CEO MEETS CIO
CEO meets CIO: Entretien avec Jeffrey Dentzer & Olivier Ramlot (BIL)
Comment la technologie sert-elle l’activité d’une organisation et son développement ? Comment le métier et l’IT collaborent-ils pour générer de la valeur ? Pour répondre à ces questions, nous avons été à la rencontre de Jeffrey Dentzer, CEO de la BIL, et Olivier Ramlot, le CIO d’une banque qui a connu une transformation majeure au cours de ces derniers mois.
June 11, 2024
Comment la technologie sert-elle l’activité d’une banque comme la BIL ?
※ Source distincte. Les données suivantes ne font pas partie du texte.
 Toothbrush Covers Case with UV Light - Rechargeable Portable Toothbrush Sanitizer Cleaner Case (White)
Olivier Ramlot, CIO : la technologie n’est pas une fin en soi. Elle doit permettre à l’entreprise d’atteindre ses objectifs et d’augmenter son efficacité. Elle doit également contribuer à l’amélioration de l’expérience client, un enjeu très important pour une banque. A la BIL, nous venons de changer de Core Banking System, auquel nous avons ajouté un CRM, Salesforce en l’occurrence, qui doit nous aider à mieux accompagner nos clients au quotidien. Pour être complet, je dirais que l’IT sert aussi à améliorer la flexibilité, l’agilité, la manière dont on travaille ensemble au sein de l’entreprise.
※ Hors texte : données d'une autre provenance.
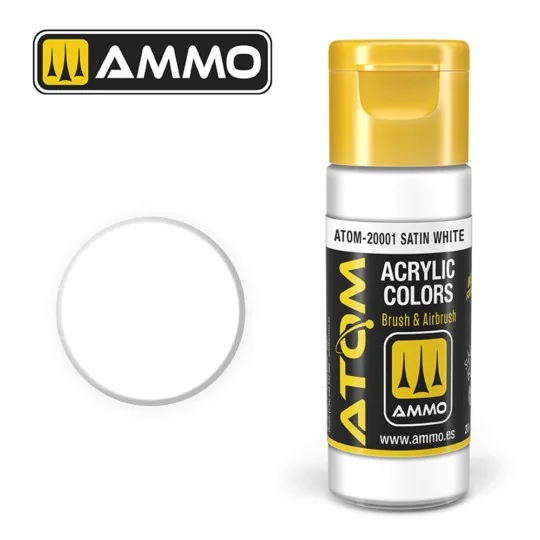 ATOM COLOR Satin White - AMMO by MIG Jimenez ATOM-20001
Jeffrey Dentzer, CEO : L’IT est un sujet important pour nous. Notre métier repose sur l’humain et le digital. Les dimensions physique et digitale de nos métiers, ce qu’on appelle le « phygital », doivent fonctionner main dans la main, de la manière la plus complémentaire possible.
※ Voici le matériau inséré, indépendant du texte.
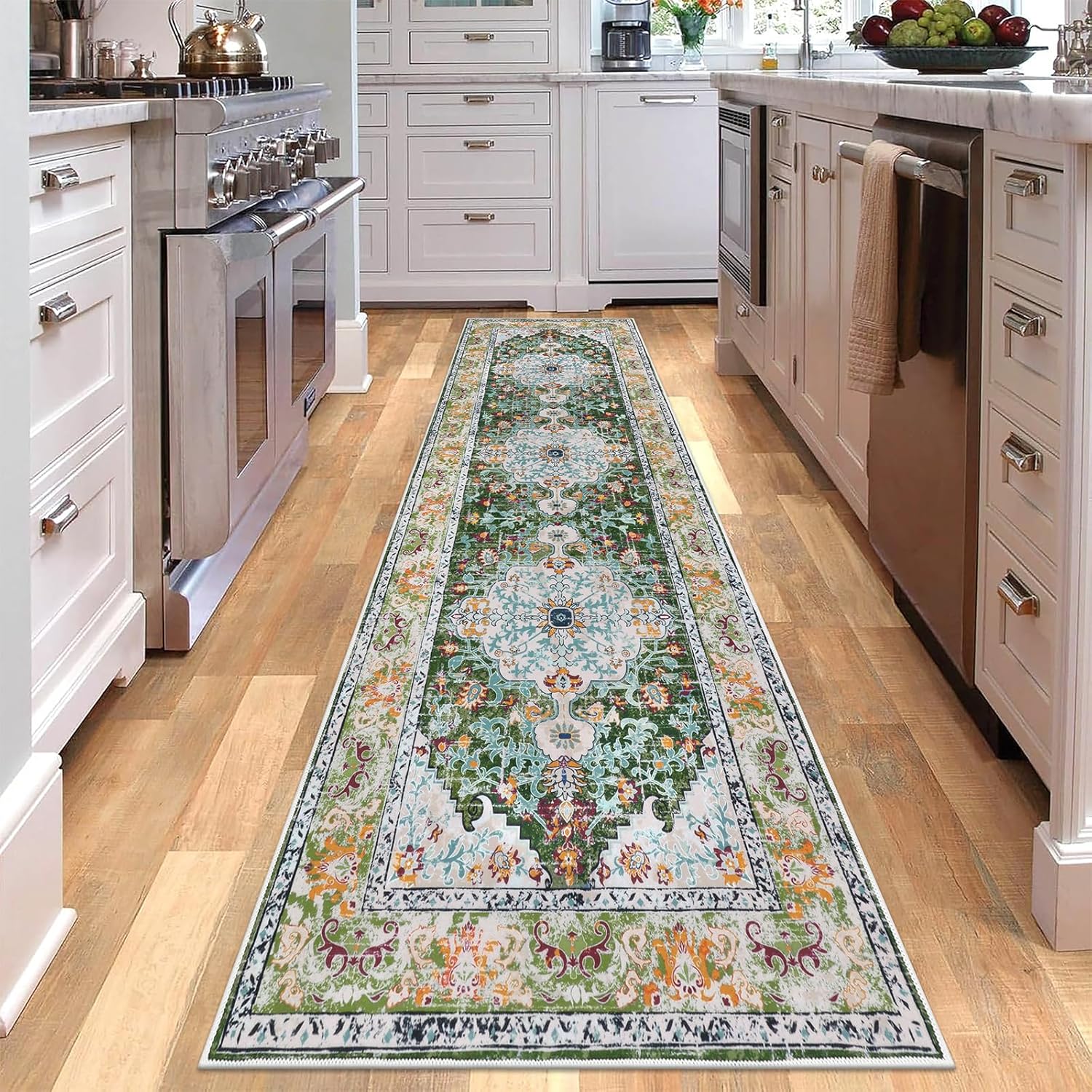 U'Artlines 2.6' x 8' Boho Hallway Runner Rug, Non Slip Washable Vintage Farmhouse Accent Area Rug Carpet for Kitchen Entryway Laundry and Living Room (Green)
Dans le secteur bancaire, la technologie occupe une place essentielle. Par exemple, tout ce qui concerne les paiements, ou encore la gestion de compte repose sur la technologie. Pour nos clients, ces services doivent impérativement fonctionner et être performants. Pour les opérations du quotidien, ils souhaitent opérer avec plus d’autonomie. La technologie doit nous aider à donner à nos clients cette autonomie, en s’appuyant sur des services facilement accessibles, efficaces et fonctionnels, sans avoir à se déplacer en agence ou à contacter un conseiller.
En parallèle, la relation humaine reste essentielle. Notre rôle est d’accompagner nos clients pour des actes essentiels, dans leurs investissements, obtenir des financements pour leurs projets, régler un dossier de succession, et pour cela rien ne remplace la discussion et l’échange entre nos conseillers et nos clients.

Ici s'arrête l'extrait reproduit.